Stored items from a collection:
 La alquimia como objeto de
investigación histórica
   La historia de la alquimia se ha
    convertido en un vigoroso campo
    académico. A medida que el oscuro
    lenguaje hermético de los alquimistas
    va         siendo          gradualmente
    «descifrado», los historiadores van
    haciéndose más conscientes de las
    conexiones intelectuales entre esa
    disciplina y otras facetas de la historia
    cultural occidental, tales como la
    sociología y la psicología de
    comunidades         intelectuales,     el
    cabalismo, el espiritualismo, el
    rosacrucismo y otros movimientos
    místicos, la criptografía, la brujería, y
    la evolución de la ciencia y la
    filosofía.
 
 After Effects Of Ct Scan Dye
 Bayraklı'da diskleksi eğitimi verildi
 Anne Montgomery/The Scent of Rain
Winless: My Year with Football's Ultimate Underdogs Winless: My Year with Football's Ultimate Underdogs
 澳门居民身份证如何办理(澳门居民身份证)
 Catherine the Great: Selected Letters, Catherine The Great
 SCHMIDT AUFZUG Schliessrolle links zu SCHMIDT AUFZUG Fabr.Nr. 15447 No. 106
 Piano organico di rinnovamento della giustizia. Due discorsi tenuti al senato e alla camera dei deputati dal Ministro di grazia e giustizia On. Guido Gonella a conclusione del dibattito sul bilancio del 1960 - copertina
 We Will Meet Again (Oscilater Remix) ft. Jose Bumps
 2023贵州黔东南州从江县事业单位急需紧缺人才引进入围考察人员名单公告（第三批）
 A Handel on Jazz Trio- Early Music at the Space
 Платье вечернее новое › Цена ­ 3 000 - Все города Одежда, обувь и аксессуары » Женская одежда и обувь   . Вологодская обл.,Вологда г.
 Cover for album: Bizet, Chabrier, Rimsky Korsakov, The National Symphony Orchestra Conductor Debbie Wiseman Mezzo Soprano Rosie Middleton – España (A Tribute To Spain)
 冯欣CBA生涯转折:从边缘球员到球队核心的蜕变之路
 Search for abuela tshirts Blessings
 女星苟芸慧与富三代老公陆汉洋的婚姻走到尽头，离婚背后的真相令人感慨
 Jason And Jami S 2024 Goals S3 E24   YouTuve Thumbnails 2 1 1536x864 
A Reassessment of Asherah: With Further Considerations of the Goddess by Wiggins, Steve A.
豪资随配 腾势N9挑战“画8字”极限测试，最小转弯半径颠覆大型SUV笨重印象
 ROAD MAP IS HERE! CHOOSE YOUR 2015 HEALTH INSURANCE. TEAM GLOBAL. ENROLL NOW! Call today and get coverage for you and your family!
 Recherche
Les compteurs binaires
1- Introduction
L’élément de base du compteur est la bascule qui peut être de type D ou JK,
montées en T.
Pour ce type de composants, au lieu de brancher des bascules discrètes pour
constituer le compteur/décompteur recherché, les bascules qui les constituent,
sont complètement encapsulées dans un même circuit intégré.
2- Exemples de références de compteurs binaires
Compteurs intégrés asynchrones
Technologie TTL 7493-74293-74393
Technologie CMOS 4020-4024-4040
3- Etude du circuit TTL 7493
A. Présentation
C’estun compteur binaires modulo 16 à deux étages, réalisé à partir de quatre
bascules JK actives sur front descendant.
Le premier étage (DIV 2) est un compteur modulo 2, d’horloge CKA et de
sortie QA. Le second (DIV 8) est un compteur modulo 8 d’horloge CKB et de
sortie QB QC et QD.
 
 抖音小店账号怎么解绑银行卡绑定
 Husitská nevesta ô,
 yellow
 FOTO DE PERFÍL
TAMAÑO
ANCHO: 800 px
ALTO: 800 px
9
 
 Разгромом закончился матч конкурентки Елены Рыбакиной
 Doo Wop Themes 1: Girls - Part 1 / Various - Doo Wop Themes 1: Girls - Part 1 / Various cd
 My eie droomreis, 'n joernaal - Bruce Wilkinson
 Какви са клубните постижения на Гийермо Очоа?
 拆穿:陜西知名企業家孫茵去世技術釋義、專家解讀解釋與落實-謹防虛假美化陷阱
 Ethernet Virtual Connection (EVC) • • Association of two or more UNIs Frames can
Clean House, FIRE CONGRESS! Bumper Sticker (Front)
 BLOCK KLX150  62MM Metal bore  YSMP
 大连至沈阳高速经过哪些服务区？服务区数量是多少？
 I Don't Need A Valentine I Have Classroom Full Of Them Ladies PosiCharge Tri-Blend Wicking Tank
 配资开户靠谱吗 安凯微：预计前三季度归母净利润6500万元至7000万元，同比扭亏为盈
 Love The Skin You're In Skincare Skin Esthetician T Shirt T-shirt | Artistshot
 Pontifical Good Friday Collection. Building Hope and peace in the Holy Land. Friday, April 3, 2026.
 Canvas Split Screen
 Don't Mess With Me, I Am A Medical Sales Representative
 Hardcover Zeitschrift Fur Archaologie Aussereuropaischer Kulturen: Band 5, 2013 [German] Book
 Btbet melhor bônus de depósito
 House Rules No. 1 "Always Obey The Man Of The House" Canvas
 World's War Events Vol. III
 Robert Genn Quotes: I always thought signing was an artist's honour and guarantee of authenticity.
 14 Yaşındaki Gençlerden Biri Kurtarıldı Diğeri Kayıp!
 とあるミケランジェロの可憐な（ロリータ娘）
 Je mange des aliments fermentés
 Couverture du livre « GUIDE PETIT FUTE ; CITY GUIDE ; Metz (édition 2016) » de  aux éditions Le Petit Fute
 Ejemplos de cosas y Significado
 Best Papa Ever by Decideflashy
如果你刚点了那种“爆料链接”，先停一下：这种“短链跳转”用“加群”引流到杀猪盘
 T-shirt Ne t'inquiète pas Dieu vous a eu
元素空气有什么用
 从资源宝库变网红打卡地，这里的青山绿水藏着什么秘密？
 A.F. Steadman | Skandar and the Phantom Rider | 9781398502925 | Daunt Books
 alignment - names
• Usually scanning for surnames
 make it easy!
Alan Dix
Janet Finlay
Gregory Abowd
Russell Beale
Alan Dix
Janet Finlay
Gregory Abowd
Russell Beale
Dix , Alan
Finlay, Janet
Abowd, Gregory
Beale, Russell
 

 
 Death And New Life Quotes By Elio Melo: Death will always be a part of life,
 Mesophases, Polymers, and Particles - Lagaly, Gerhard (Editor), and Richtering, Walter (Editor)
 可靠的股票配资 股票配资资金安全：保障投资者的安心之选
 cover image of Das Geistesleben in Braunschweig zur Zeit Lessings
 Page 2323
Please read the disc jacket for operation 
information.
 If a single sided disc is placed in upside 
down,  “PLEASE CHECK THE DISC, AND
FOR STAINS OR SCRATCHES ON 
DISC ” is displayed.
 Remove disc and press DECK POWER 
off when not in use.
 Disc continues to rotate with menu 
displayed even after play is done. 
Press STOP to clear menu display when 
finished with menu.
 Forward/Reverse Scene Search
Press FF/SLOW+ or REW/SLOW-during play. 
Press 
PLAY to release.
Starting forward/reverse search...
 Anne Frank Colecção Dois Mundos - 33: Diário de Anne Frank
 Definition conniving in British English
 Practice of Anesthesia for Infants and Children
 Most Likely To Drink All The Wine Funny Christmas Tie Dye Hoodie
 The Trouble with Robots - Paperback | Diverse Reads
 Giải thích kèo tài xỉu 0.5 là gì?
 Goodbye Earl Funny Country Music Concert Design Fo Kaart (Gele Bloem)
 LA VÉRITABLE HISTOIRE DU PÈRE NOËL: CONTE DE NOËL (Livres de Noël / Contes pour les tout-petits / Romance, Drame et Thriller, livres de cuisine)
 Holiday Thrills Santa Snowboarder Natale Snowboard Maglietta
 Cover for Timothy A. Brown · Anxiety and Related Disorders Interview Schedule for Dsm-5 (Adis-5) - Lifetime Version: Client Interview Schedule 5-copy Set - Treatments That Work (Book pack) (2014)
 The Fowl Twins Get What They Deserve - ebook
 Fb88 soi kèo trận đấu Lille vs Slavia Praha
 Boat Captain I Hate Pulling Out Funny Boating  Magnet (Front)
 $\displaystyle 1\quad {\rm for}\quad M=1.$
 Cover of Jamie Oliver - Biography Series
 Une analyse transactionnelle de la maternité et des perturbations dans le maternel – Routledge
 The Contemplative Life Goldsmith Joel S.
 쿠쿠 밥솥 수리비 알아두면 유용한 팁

* _What the task asks_
Note every line of the entries in which "Funny" appears, and copy it down.

* _Reply to the task_
 Most Likely To Drink All The Wine Funny Christmas Tie Dye Hoodie
 Goodbye Earl Funny Country Music Concert Design Fo Kaart (Gele Bloem)
 Boat Captain I Hate Pulling Out Funny Boating  Magnet (Front)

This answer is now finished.